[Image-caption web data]
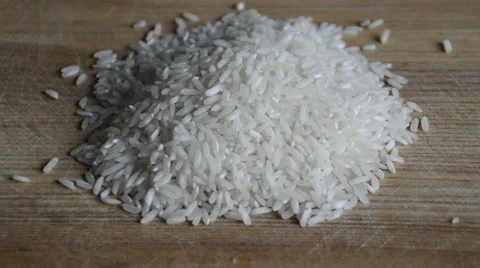 White rice seeds are falling on the cutting board Stock Footage 52076181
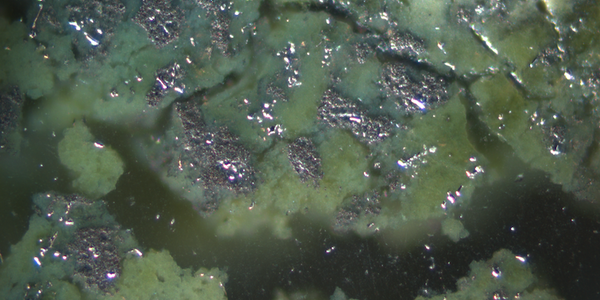 Close-up shows shiny metal patches with areas of green corrosion and open holes. 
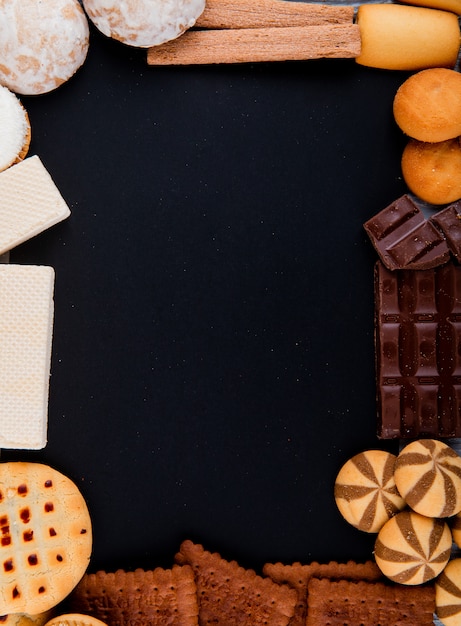 Vista superior cópia espaço mix de biscoitos com chocolate e waffles em um fundo preto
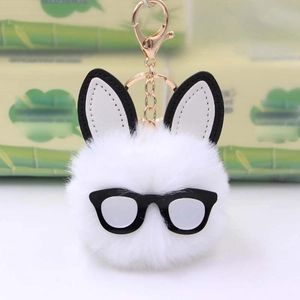 Close-up of white fluffy plush rabbit keychain with leather ears and glasses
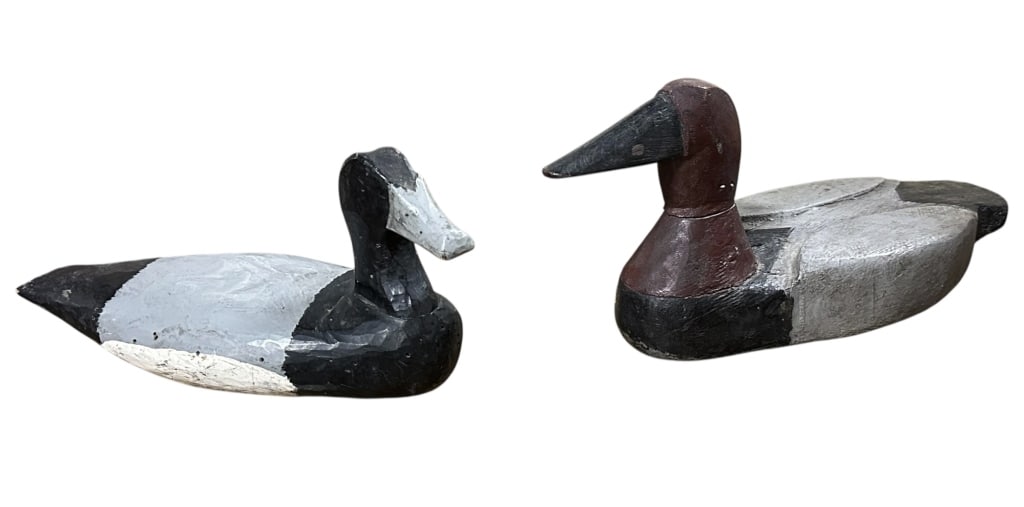2 Louisiana Carved Duck Decoys: Carved and painted decoys, each with identifying labels, including: Scaup (Dos Gris) by Anthony Matherne of Galliano, Louisiana; Drake Canvasback by Kermit Kraemer of Kraemer, Louisiana..age related w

> Exercise description: Make an exact copy of every record, pictures excluded.

> Response to this task:
 White rice seeds are falling on the cutting board Stock Footage 52076181
 Close-up shows shiny metal patches with areas of green corrosion and open holes. 
 Vista superior cópia espaço mix de biscoitos com chocolate e waffles em um fundo preto
 Close-up of white fluffy plush rabbit keychain with leather ears and glasses
2 Louisiana Carved Duck Decoys: Carved and painted decoys, each with identifying labels, including: Scaup (Dos Gris) by Anthony Matherne of Galliano, Louisiana; Drake Canvasback by Kermit Kraemer of Kraemer, Louisiana..age related w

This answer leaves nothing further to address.